The primary temple of interest in the east zone is Wat Chang Lom ("Temple Surrounded by Elephants"), located canalside behind Thai Village Hotel along the road to New Sukhothai. As indicated by its name, the temple's distinguishing feature is a Sri-Lankan-style chedi decorated with sculptures of elephants.
West Zone

The west zone is a vast forested area in the hills. One notable sight is Wat Saphan Hin ("Temple of the Stone Bridge"), a hilltop temple along the western edge of the walled city about 3 miles (5km) west of the main entrance. The temple is named for the means of access: a steep 650-foot (200m) long pathway of stone slabs. At the top is a large standing Buddha and some nice views - but the Old City is a bit too far away to be appreciated with the naked eye.
Festivals and Events

Sukhothai Historical Park is the best place in Thailand to celebrate Loy Krathong, a festival of light held over nine nights around the full moon of the 12th lunar month (October or November). During the festival, Sukhothai's ponds sparkle with floating candles and the ruins are covered in lights. There is a nightly sound and light show at Wat Mahathat and fireworks at Wat Trapang Ngoen, in addition to numerous parades and concerts throughout the city. Book accommodation early during this period.

Getting There

Comfortable trains run from Bangkok and Chiang Mai to Phitsanulok, where buses connect to New Sukhothai (1 hr journey; departures every half hour). Long-distance buses also connect New Sukhothai with all major cities. The bus station is located about 3km west of the city center.

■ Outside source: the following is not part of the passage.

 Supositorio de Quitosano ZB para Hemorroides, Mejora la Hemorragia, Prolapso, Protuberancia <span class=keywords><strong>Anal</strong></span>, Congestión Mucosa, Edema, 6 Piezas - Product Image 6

It is also possible to fly to Sukhothai from Bangkok or Chiang Mai on Bangkok Airways. The Sukhothai airport is about 25km north of town; shuttle buses transfer passengers to hotels and guest houses for B120 per person.

The Old Sukhothai Historical Park is about 12km from New Sukhothai. Bicycles are available for rent in both places and there are frequent songthaews connecting the cities.